The South Florida Water Management District has identified 283,000 acres worth $1.5 billion — including preserve lands, filter marshes and Everglades-area wetlands — that could be used to guarantee some of the $2.2 billion they intend to borrow to buy the U.S. Sugar land and recreate the historic flow of water from Lake Okeechobee to the Everglades.
The collateral might also include 2.8 acres under the Herbert Hoover Dike.
The proposal, which water managers say remains under consideration, emerged in internal agency e-mails and other documents that opponents of the U.S. Sugar deal have cited in their legal battle to block financing for what would be the state’s most expensive conservation land purchase ever.

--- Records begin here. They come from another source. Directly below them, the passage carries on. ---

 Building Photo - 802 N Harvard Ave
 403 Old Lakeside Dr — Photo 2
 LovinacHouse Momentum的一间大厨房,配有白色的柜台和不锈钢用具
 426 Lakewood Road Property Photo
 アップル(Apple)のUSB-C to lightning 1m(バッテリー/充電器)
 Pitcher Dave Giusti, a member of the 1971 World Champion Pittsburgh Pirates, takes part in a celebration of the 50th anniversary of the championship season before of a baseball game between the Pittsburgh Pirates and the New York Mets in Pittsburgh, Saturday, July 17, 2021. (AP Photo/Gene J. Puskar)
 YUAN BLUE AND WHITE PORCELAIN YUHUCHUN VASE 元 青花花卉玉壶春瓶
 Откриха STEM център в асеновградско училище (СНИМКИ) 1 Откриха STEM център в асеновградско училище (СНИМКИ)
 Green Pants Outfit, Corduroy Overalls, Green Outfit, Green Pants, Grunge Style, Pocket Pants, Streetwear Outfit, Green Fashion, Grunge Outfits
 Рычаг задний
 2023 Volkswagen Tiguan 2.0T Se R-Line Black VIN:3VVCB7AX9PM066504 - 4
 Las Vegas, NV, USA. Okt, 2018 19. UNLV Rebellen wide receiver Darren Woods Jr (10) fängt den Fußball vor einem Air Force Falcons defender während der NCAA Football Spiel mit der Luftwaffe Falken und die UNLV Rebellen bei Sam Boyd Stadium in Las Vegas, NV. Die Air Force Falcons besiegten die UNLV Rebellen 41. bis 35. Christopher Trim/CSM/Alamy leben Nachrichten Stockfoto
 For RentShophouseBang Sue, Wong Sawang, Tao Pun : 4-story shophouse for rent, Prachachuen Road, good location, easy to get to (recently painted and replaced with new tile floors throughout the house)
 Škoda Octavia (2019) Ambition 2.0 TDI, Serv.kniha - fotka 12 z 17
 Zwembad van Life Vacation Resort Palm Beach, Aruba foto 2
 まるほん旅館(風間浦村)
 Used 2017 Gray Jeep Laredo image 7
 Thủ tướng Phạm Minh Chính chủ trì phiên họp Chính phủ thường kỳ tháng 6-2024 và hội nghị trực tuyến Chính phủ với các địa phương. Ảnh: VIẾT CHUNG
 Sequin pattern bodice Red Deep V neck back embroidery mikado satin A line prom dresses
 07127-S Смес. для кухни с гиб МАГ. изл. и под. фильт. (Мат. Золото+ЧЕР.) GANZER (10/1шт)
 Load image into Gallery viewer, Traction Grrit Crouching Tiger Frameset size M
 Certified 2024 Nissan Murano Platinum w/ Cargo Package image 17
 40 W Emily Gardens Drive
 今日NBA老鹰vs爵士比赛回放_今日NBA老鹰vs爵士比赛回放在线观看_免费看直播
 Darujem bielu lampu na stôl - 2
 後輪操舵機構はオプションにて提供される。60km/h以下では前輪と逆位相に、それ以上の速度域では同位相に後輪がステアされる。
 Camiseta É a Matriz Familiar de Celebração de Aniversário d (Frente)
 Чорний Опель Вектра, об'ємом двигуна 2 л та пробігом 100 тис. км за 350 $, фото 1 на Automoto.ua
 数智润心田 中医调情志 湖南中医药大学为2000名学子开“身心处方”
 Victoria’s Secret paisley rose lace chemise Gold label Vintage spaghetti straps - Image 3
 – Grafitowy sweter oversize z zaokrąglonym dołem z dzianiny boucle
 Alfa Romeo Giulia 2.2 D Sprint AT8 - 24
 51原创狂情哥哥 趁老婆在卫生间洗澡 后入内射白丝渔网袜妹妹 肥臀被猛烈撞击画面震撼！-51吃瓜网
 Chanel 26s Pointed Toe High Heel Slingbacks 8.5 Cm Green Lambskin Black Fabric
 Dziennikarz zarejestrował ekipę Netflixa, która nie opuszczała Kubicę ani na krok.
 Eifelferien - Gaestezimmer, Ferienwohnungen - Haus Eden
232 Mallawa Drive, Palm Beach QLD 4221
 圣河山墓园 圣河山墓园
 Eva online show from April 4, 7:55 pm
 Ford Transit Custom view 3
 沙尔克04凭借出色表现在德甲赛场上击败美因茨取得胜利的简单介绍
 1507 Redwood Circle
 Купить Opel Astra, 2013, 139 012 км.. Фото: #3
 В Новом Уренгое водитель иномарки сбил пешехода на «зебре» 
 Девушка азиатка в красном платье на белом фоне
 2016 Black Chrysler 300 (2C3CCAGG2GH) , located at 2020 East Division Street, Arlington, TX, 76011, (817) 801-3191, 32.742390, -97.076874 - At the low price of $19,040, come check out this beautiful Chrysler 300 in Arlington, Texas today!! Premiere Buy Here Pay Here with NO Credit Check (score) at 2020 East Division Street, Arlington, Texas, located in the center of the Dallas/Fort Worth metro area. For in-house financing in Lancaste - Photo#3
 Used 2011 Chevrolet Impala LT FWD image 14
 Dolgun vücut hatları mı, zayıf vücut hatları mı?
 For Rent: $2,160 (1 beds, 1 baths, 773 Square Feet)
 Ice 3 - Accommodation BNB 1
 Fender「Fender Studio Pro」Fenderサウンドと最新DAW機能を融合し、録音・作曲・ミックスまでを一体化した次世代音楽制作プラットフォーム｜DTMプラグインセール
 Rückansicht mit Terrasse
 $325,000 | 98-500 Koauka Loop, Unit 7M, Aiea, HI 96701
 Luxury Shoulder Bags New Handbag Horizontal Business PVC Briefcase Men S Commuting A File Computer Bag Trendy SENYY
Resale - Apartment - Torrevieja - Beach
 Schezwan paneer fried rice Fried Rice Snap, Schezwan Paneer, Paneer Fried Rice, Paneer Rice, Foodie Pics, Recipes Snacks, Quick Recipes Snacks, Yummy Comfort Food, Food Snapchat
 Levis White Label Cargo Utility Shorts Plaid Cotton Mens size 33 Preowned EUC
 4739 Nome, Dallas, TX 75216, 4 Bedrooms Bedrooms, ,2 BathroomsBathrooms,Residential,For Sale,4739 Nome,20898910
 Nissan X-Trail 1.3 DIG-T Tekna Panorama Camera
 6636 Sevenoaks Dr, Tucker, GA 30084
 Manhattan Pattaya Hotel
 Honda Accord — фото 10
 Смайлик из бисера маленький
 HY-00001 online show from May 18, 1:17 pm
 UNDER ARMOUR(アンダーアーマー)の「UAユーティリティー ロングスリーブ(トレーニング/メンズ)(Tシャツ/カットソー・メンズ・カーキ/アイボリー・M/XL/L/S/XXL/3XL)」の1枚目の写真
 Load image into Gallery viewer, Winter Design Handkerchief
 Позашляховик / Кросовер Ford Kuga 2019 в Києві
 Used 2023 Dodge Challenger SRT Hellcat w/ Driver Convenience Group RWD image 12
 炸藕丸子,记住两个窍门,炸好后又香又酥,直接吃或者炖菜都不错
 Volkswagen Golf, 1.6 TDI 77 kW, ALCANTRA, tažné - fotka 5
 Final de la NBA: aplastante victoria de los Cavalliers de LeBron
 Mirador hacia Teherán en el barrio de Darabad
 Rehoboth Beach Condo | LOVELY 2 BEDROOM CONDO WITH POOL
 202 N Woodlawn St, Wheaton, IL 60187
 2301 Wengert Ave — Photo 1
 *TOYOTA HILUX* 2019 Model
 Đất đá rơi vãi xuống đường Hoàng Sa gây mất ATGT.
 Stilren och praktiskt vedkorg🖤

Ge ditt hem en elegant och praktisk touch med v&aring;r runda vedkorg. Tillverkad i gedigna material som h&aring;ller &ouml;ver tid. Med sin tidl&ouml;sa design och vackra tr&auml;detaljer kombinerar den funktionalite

Water managers say using the land as collateral would, at little risk to taxpayers, enable the district to obtain tax-free financing, which would translate to savings of tens of millions of dollars over the 30-year loan.
“We’re pursuing this as an option,” said Paul Dumars, the water district’s chief financial officer. “At the end of the day, we would save taxpayer dollars.”
But opponents of the U.S. Sugar deal say the proposal is reckless and illustrates the extraordinary financial strain that the deal would place on the South Florida water agency and its taxpayers in all or part of 16 Florida counties.
“It would be stupid to do it,” said Joseph Klock, who represents chief U.S. Sugar competitor Florida Crystals, one of the deal’s opponents. “It would be political suicide.”
The complex financing scheme would involve “certificates of participation,” similar to bonds but which circumvent the need for voter approval.
The water agency would use property taxes collected in its 16 counties to make 30 years of annual debt payments to trustee Deutsche Bank, which would in turn repay investors in the certificates. If the district defaulted, Deutsche Bank could use the land to generate a return for investors — for example, by leasing land to farmers.
Everything would revert to state ownership and control at the end of the 30-year term, according to agency officials.